Samsung Engineering to diversify Middle East operations

31 March 2010

South Korean firm wants to increase non-hydrocarbon share of workload to 30 per cent by 2015

South Korea’s Samsung Engineering plans to diversify its operations in the Middle East so that at least 30 per cent of its workload is not dependent on oil and gas projects by 2015.

DW Kim, chief operating officer at Samsung Engineering, tells MEED that the company’s ambitious growth plans meant that the contractor is looking to diversify its operations.

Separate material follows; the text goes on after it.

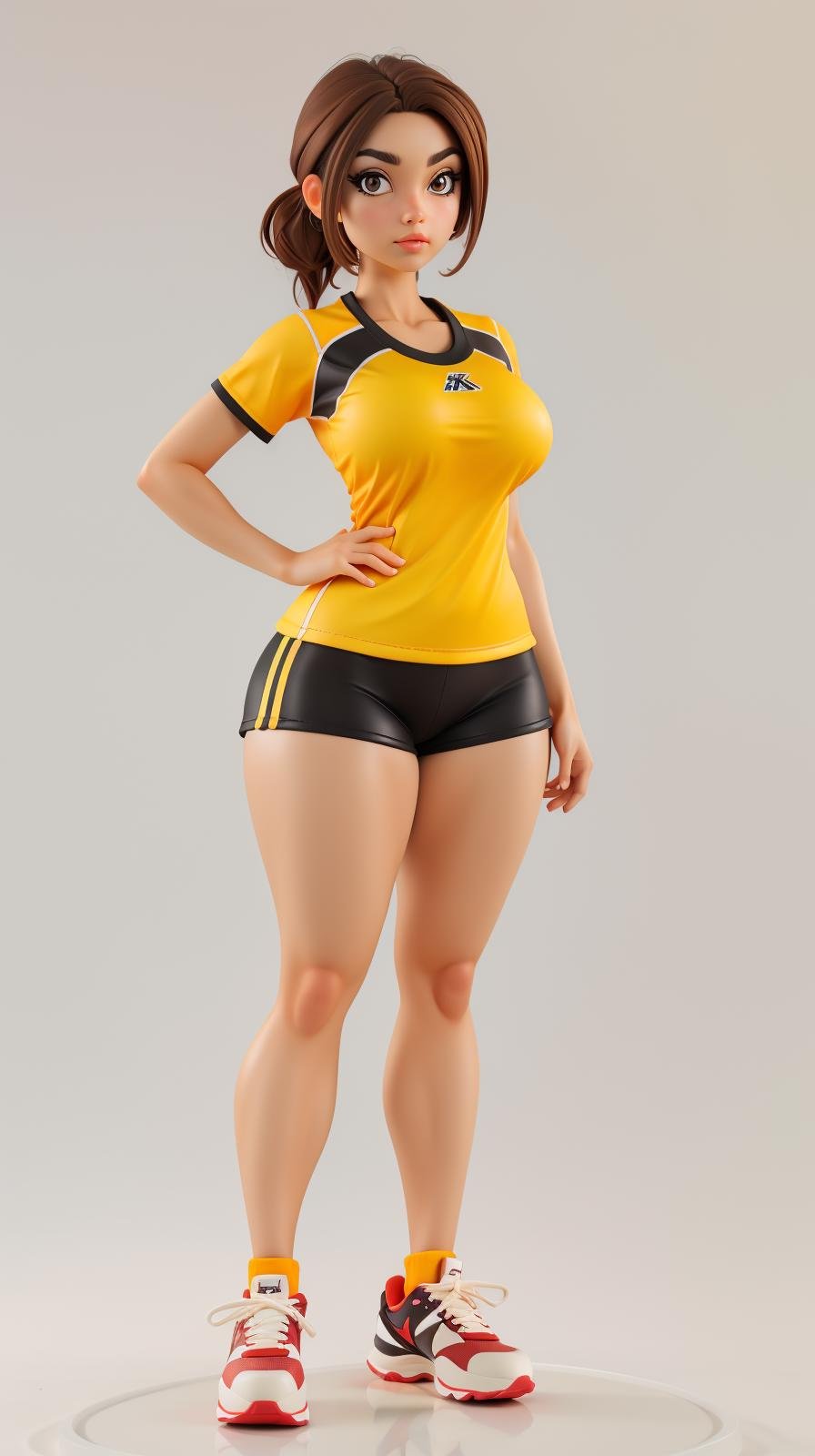 <lora:Sexy-Belgian:1> brown hair, brown eyes, (red yellow and red sport clothing, sport shoes), looking at viewer, perfect hands, big breast, wide hips, thick thighs, ultra realistic digital art, a 3D render, photorealism, clean scene, white background, circular base, <lora:p3r3zstyle_v3:0.4>  <lora:P2p0:0.4> <lora:Sexy-Figures:1>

The company wants to generate $30bn of new orders and revenues of $20bn by 2015.

“We need to increase our markets and to achieve our 2015 goals, we will have to increase our non-hydrocarbon areas as well as maintain our hydrocarbon growth,” he adds. “In the GCC countries we need to expand our market share in Qatar and Kuwait, as well as looking further afield like Russia, the CIS [Commonwealth of Independent States] and Africa.”

The company will pursue work in four new sectors: aluminium, steel, power and water.

“Over the past four years we have prepared for extending our [non-hydrocarbon] operations overseas, especially in the Middle East,” Kong says. “You will see us win aluminium, water, power plant and steel mill projects. This year I think there will be a minimum of one project for each.”

Samsung Engineering plans to tap into opportunities in Iraq, Kim adds.

“We plan to send a delegation to Iraq before the first half of this year. We will send some guys to travel, see what the market situation is and when the projects are going to be ready,” Kim says. “That will give us a much clear view of the market. Many other companies are planning to re-enter the Iraq market, but it is not ready yet,” he adds.